Below are the entries. Transcribe exactly the lines from the one with "Kraken onion вход" through the one with "Claudia Cantón Veterinaria", ends included, and leave out all others.
═════ Task inputs
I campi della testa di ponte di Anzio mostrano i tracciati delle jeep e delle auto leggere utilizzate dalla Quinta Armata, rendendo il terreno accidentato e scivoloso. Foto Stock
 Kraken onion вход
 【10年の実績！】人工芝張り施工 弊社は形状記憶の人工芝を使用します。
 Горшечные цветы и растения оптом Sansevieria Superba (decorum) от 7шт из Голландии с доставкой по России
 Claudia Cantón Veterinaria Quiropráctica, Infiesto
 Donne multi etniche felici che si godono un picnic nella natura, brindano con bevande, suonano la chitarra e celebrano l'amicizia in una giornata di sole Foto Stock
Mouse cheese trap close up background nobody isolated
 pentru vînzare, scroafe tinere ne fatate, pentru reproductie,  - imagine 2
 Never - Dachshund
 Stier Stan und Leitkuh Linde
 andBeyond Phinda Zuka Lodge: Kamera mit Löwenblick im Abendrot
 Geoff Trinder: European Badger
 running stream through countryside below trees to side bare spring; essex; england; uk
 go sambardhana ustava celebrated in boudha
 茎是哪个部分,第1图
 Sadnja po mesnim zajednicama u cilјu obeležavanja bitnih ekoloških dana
══════════
Reply:
 Kraken onion вход
 【10年の実績！】人工芝張り施工 弊社は形状記憶の人工芝を使用します。
 Горшечные цветы и растения оптом Sansevieria Superba (decorum) от 7шт из Голландии с доставкой по России
 Claudia Cantón Veterinaria Quiropráctica, Infiesto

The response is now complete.